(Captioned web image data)
-- -- --
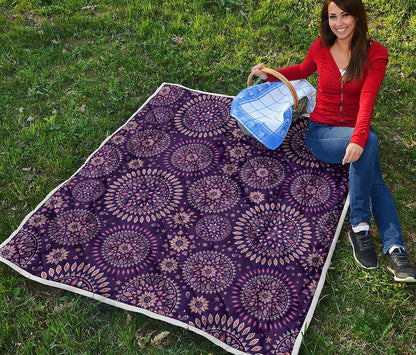 Purple Bohemian Mandala Pattern Print Quilt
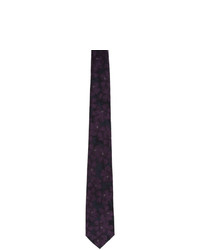 Cravatta a fiori melanzana scuro di Dries Van Noten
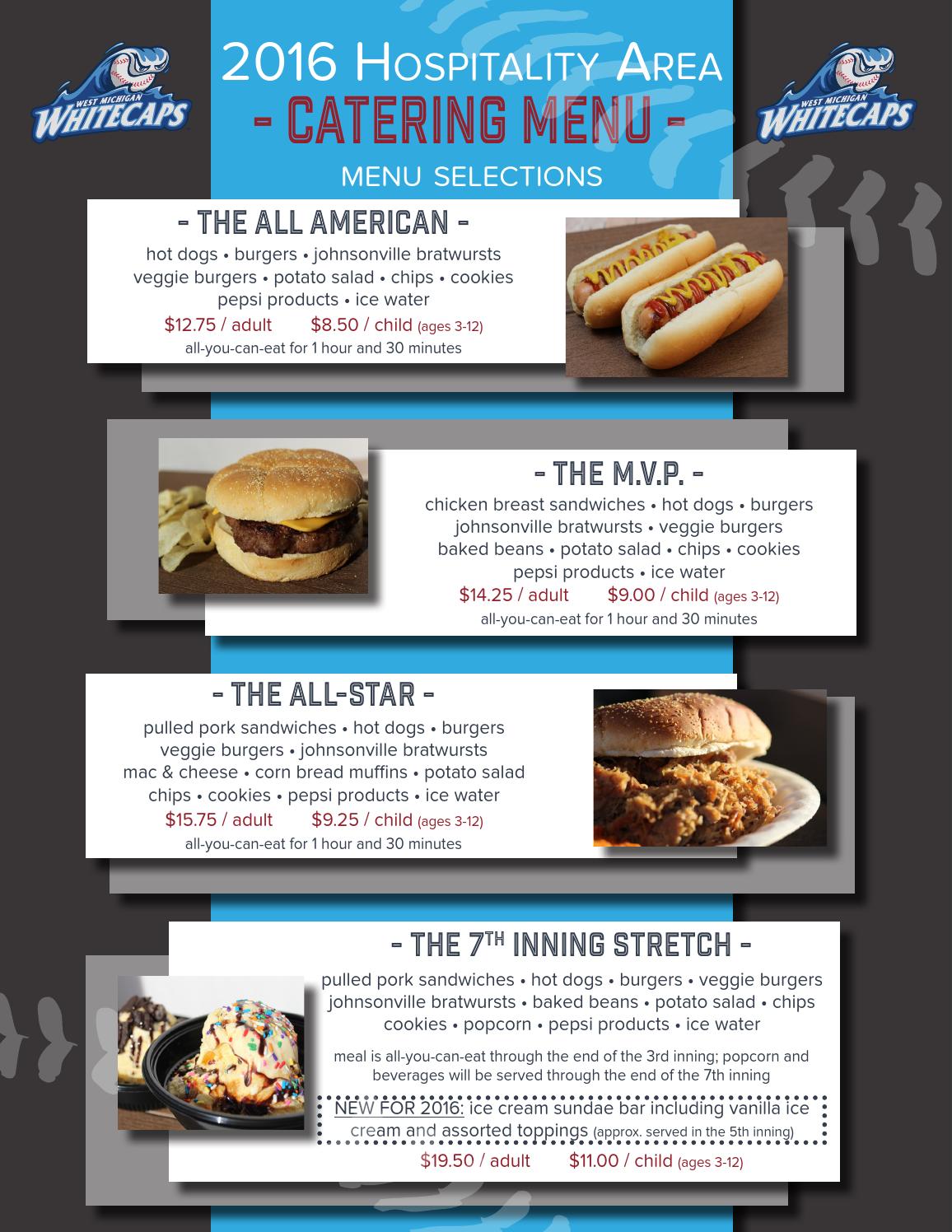 2016 Hospitality Area Menu by West Michigan Whitecaps Issuu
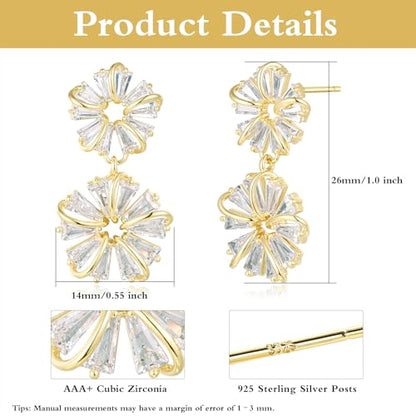 Gemsme Bridal Wedding Earrings for Brides Bridesmaides, 925 Sterling Silver Posts hypoallergenic Cubic Zirconia stud,Drop & Dangle Earrings for Women Jewelry Gifts - color: Gold - Flower Drop Earrings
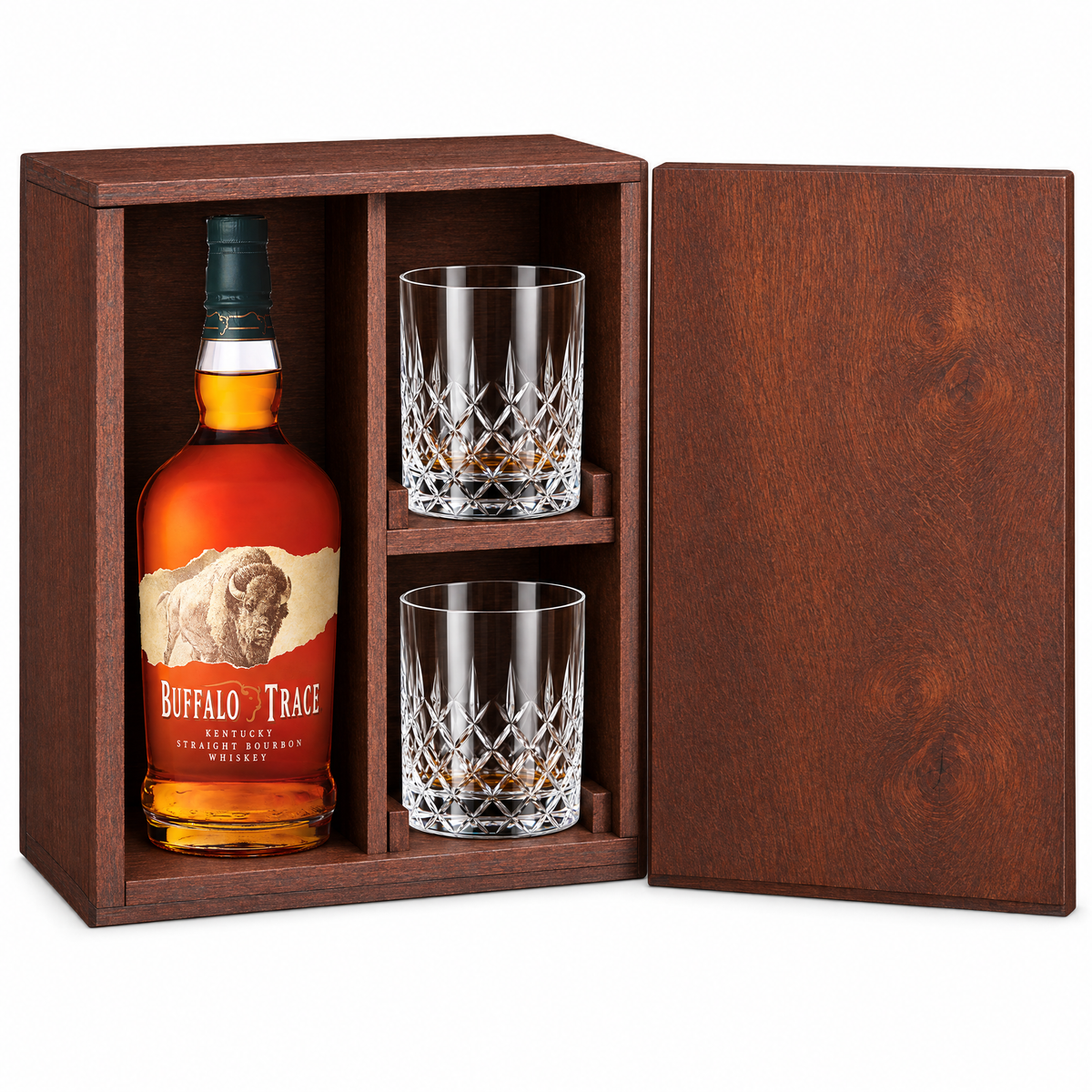 Buffalo Trace Bourbon 750ml in a mahogany wooden gift box with two crystal rocks glasses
-- -- --
▶ **PROBLEM DESCRIPTION**
Omit every picture, and please return the entries exactly from the first line through the line with "2016 Hospitality Area", both included.

▶ **TASK ANSWER**
 Purple Bohemian Mandala Pattern Print Quilt
 Cravatta a fiori melanzana scuro di Dries Van Noten
 2016 Hospitality Area Menu by West Michigan Whitecaps Issuu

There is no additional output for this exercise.